Candeloro, who was fifth after the short program, sailed into a bronze medal finish with the first crowd-pleasing performance at White Ring. Also the bronze medalist at the 1994 Olympics, Candeloro stirred the usually polite, sedate crowd of 8,000 into a frenzy of whistles and applause after a charismatic performance as D'Artagnan from "The Three Musketeers" that included a stirring sword fight.

"It's very funny," said Candeloro, who will turn 26 Tuesday. "I didn't skate normal for the last two years because I got a big [ankle] injury. Not many people believed I would be on the podium today, so it's a good revenge today."

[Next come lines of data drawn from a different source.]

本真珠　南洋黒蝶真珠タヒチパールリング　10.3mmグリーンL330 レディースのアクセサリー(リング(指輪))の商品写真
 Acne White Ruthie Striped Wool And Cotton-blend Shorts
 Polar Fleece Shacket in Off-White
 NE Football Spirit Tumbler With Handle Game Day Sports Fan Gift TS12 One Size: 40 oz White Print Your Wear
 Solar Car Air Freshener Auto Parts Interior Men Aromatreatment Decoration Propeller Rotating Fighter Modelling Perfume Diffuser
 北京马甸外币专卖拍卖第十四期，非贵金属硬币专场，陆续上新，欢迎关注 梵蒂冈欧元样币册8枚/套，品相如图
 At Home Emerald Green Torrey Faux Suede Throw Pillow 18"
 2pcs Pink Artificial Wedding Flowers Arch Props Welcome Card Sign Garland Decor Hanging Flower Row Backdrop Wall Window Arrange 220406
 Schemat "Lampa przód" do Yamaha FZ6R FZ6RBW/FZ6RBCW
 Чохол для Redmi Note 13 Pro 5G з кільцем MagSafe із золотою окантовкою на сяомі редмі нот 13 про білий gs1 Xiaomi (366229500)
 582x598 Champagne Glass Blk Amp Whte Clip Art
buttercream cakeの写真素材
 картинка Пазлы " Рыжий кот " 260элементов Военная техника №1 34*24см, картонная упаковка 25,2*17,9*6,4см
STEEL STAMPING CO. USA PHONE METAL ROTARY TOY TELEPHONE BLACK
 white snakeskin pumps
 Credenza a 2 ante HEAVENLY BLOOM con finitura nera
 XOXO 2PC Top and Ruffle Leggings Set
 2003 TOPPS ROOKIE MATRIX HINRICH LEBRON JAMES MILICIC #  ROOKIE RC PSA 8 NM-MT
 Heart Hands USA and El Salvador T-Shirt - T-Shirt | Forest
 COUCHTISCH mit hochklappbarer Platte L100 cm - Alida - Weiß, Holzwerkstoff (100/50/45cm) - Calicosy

Eldredge, 26, plans to turn professional later this year, ending his amateur career without an Olympic medal. He dropped to fourth with a flawed program in which he skipped three planned triple jumps and fell on a triple Axel. The look of intense disappointment on Eldredge's face revealed how desperately he wanted to take home a medal.

"I knew how I skated," Eldredge said. "I knew more than likely it wasn't a medal performance. ... It's something I really wanted, but everybody doesn't get everything they want."

What Kulik did not get was the distinction of landing the first quadruple jump in Olympic Games history. Guo, who skated earlier, landed one of the two quadruple jumps in his program. The judges weren't too impressed, however: He finished eighth.

Weiss rebounded from a disappointing short program with a almost mistake-free long that lifted him from 11th to seventh, behind Russia's Alexei Yagudin who fell attempting a quadruple toe loop and finished fifth and Great Britain's Steven Cousins, who was sixth.

Weiss's only noticeable failure was a fall attempting a quadruple Lutz, which no man ever has landed in competition. He also turned a triple Axel into a double, but otherwise offered one of the most impressive long programs of the night despite having been bothered by a bruised left hip.

"It was great," Weiss, 21, said. "Not having done a spectacular short program the other night, it was important for me to come back and not only prove to myself, but also to the judges, that I was a serious contender. ... This is a big defining moment for me personally."

Kulik likely could say the same.

"It was my best performance ... it was truly the best skating," Kulik said. "Right now, I am a proud Olympic champion."